Build a simplified medallion architecture pipeline (Bronze/Silver/Gold) using PySpark that works across multiple platforms: local PySpark, Databricks, BigQuery, or other cloud services.
This is a 30-minute exercise. Focus on core concepts and working code over perfection.
datasets/annual-co2-emissions-per-country.csv — CO2 emissions by country and year
Build a simple pipeline with two layers (Bronze → Silver is sufficient; Gold is optional):
- Read CSV data as-is
- Add one metadata column:
loaded_at(current timestamp) - Write to structured format (Parquet, Delta, or table)
- Filter data to years 2000–2023 only
- Remove any rows with null
country_code,year, orco2_emissions - Ensure no duplicate combinations of
country_code+year - Write to structured format
- If time permits: Create a simple aggregation (e.g., total CO2 by year or by country)

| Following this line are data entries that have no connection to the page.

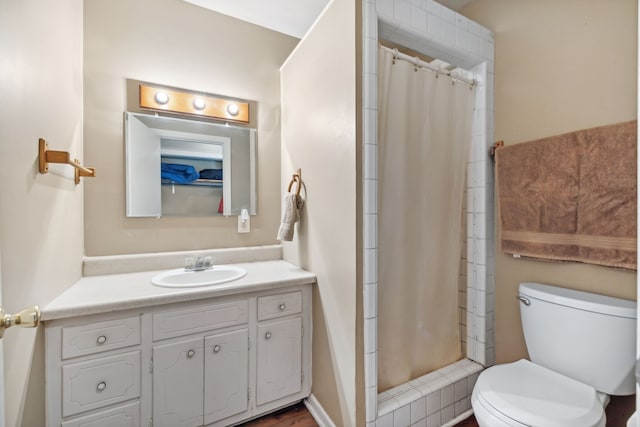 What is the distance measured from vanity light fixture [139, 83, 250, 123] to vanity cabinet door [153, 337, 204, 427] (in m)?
1.38

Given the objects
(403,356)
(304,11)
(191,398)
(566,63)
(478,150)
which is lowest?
(191,398)

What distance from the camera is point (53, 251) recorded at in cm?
123

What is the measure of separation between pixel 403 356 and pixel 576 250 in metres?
0.98

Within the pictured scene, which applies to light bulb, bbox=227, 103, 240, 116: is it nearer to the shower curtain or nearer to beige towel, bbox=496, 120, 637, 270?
the shower curtain

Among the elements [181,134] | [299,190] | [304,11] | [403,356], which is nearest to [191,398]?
[403,356]

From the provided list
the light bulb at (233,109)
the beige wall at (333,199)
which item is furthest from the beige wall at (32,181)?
the beige wall at (333,199)

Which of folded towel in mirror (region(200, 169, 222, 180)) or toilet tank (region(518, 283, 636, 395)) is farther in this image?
folded towel in mirror (region(200, 169, 222, 180))

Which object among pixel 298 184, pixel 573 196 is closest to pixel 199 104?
pixel 298 184

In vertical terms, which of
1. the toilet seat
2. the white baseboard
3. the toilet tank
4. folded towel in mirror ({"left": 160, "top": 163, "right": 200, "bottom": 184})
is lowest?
the white baseboard

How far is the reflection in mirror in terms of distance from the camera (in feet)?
5.74

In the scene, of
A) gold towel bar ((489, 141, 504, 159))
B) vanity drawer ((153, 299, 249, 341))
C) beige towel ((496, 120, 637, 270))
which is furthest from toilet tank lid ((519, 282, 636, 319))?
vanity drawer ((153, 299, 249, 341))

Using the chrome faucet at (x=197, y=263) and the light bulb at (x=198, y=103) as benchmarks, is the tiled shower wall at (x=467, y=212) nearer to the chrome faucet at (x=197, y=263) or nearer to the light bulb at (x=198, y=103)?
the chrome faucet at (x=197, y=263)

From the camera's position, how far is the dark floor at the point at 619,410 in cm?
125

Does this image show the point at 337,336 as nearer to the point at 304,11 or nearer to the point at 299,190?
the point at 299,190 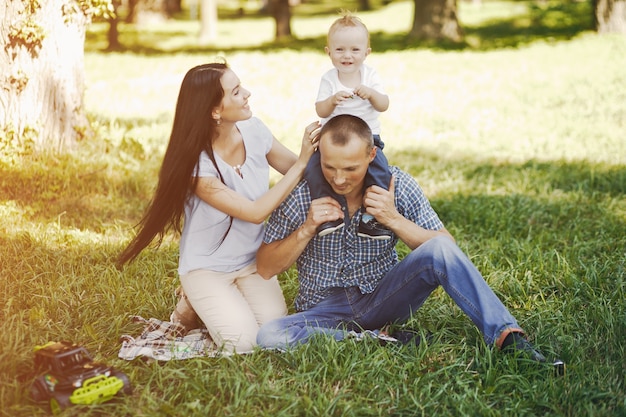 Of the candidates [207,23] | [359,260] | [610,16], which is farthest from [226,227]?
[207,23]

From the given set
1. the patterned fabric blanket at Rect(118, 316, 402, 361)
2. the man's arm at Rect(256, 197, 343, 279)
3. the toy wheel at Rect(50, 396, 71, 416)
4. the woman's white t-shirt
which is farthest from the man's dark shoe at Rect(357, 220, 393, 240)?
the toy wheel at Rect(50, 396, 71, 416)

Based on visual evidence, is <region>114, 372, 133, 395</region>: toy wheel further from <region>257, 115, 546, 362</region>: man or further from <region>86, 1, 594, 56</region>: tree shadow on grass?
<region>86, 1, 594, 56</region>: tree shadow on grass

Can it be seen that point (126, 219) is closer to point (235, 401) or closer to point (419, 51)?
point (235, 401)

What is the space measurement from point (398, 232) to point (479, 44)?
1619 centimetres

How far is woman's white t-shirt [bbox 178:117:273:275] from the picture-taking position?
409 centimetres

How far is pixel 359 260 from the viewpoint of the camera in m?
3.97

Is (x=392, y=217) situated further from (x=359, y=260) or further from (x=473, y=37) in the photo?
(x=473, y=37)

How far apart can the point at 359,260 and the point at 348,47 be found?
134 cm

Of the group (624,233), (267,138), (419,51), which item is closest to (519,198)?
(624,233)

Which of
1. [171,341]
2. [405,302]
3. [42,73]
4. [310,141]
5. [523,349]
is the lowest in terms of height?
[171,341]

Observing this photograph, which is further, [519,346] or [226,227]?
[226,227]

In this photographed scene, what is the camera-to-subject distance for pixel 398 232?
149 inches

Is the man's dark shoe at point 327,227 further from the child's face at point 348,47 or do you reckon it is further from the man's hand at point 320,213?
the child's face at point 348,47

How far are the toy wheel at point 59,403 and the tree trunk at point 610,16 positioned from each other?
18.1m
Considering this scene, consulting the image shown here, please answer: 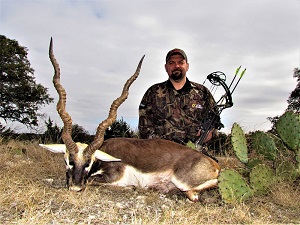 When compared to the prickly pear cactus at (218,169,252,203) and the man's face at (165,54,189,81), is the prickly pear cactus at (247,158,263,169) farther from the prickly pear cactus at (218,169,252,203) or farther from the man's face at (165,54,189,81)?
the man's face at (165,54,189,81)

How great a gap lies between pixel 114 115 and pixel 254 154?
12.8ft

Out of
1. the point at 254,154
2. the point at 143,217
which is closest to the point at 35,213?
the point at 143,217

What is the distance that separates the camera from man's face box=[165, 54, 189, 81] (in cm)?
746

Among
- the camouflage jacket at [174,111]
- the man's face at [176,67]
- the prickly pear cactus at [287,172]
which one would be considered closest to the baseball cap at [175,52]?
the man's face at [176,67]

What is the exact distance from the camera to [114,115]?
5.20 metres

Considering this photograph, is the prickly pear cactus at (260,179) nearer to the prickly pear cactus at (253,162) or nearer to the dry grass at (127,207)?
the dry grass at (127,207)

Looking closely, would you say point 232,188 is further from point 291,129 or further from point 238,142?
point 291,129

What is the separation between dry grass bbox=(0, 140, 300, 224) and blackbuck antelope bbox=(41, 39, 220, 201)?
163 millimetres

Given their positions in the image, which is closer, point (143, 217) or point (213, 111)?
point (143, 217)

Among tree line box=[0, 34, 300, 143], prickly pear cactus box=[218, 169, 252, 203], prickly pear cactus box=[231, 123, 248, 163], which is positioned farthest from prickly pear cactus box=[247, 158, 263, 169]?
tree line box=[0, 34, 300, 143]

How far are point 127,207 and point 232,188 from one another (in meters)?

If you finish early, demonstrate how you would handle new data arriving (e.g., year 2024 data).
- No duplicate keys in Silver layer (unique on
country_code+year) - No nulls in required columns (
country_code,year,electricity_access,co2_emissions) - Valid ranges: electricity access values between 0 and 100
You are free every platform or service.
- Local: PySpark with Parquet or Delta Lake (if available)
- Databricks: Native Delta Lake support
- BigQuery: PySpark via BigQuery connectors, or SQL-based approach
- Other platforms: Abstract storage layer to support different backends
Consider parametrizing table locations/URIs rather than hardcoding them.
- Clear comments explaining each layer and data transformations
- Brief instructions on how to run (1-2 sentences)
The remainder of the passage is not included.